ENTRIES PROVIDED:
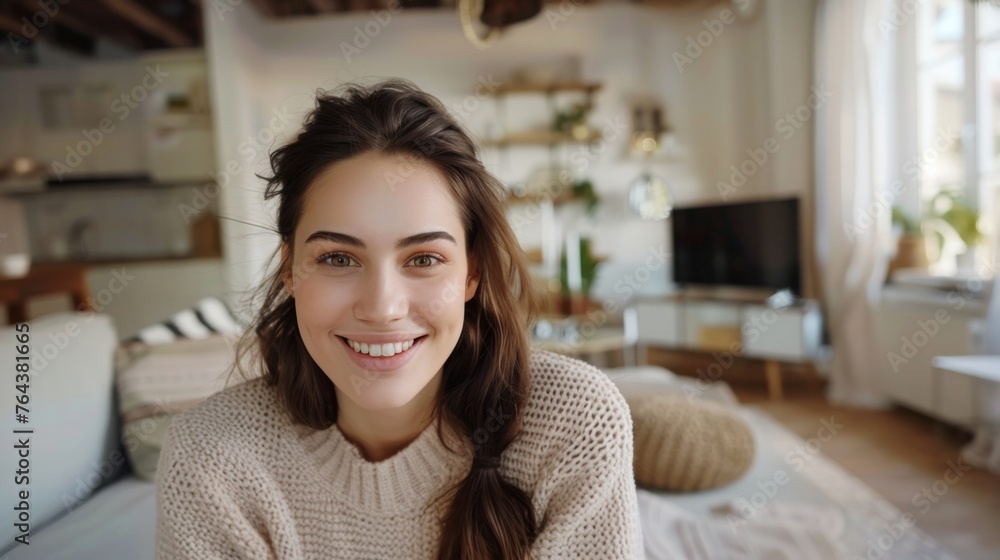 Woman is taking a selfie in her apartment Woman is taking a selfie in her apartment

---

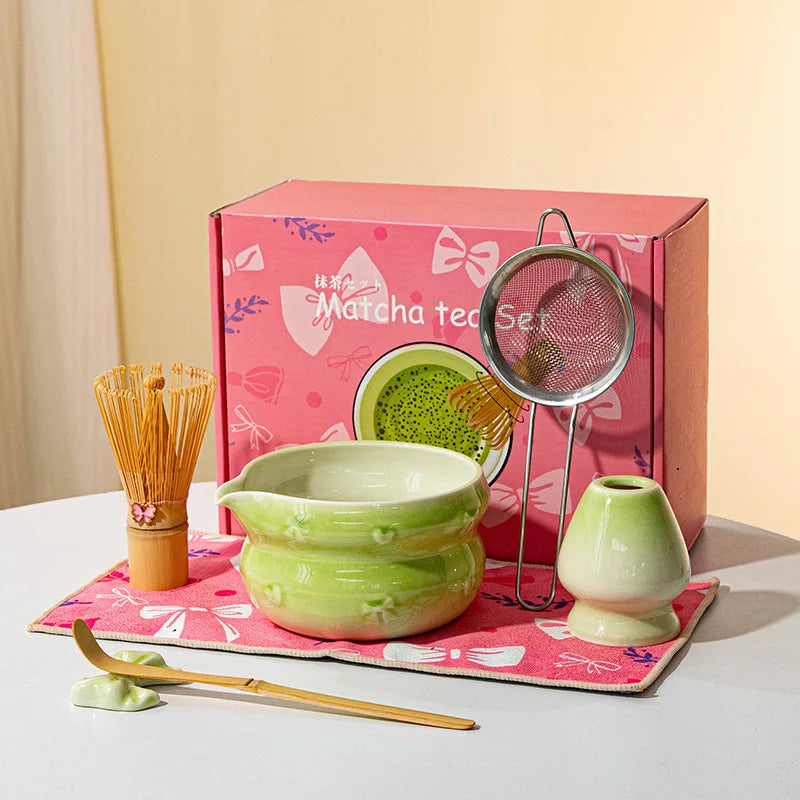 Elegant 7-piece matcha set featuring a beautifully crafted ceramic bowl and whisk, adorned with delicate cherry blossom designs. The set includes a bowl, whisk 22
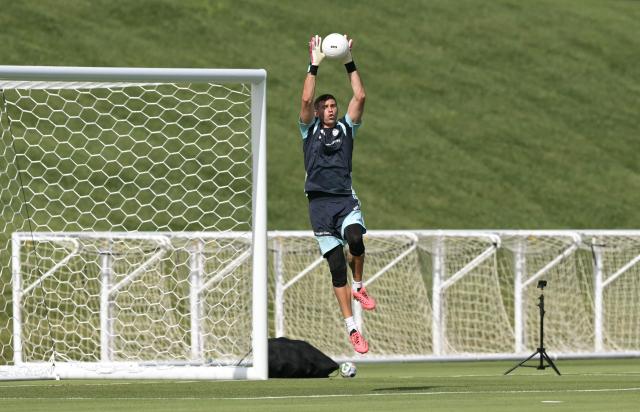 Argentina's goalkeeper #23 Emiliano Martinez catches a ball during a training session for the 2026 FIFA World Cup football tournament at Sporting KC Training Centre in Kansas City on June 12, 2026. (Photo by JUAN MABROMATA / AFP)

EXERCISE BRIEF: Return exactly the lines above, from the one with "Elegant 7-piece matcha" up to and including the one with "Argentina's goalkeeper #23", and include no pictures.

YOUR SOLUTION:
 Elegant 7-piece matcha set featuring a beautifully crafted ceramic bowl and whisk, adorned with delicate cherry blossom designs. The set includes a bowl, whisk 22
 Argentina's goalkeeper #23 Emiliano Martinez catches a ball during a training session for the 2026 FIFA World Cup football tournament at Sporting KC Training Centre in Kansas City on June 12, 2026. (Photo by JUAN MABROMATA / AFP)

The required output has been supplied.